_Source material_

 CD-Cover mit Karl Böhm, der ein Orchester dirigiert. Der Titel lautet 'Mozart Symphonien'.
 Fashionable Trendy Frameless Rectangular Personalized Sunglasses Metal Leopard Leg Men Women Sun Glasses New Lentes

* * *

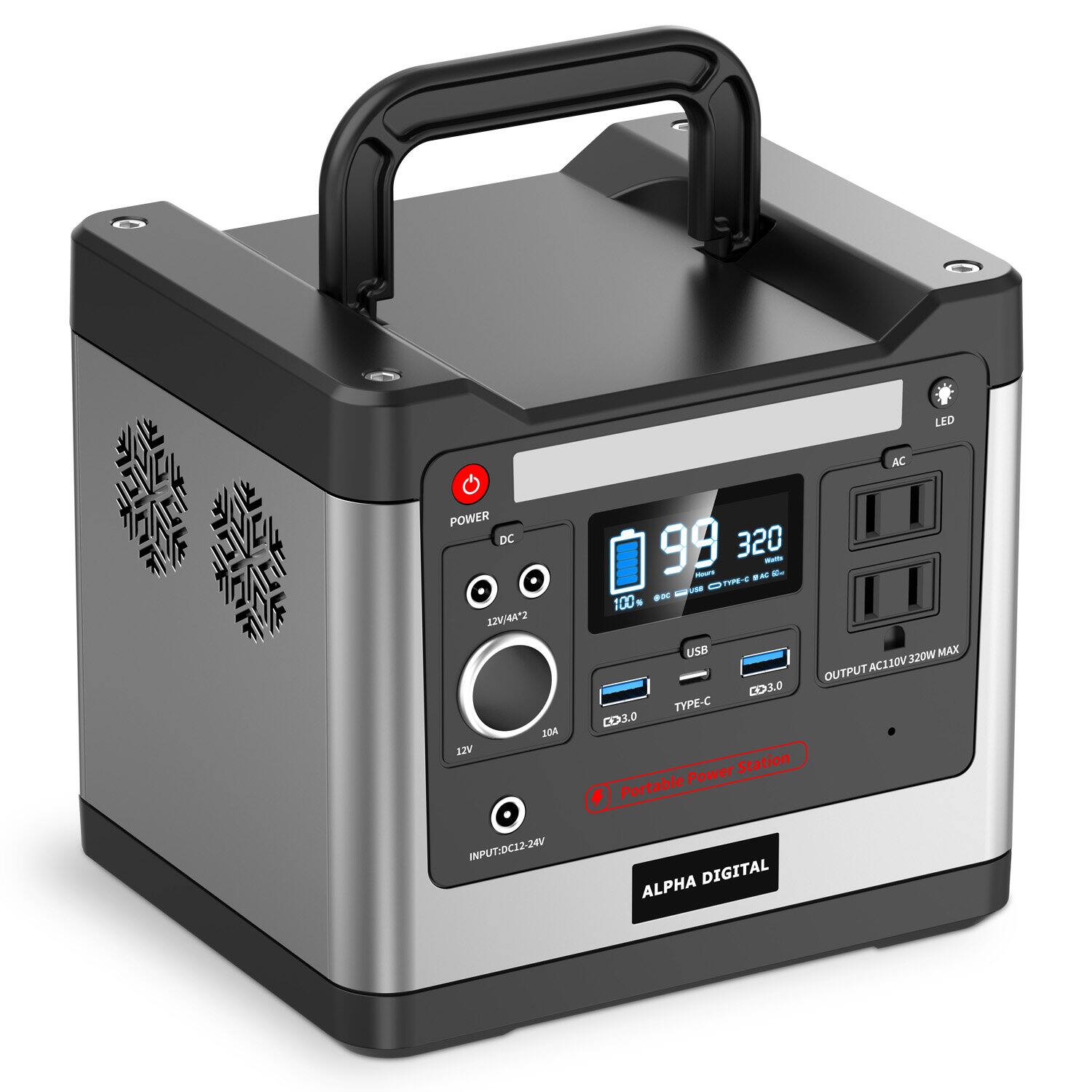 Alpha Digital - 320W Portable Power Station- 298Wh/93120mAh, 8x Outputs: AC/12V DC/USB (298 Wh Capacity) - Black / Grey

_Work to complete_
Output exactly one stretch of the listing: from the line containing "CD-Cover mit Karl" through the line containing "Fashionable Trendy Frameless", both end lines included.

_The answer_
 CD-Cover mit Karl Böhm, der ein Orchester dirigiert. Der Titel lautet 'Mozart Symphonien'.
 Fashionable Trendy Frameless Rectangular Personalized Sunglasses Metal Leopard Leg Men Women Sun Glasses New Lentes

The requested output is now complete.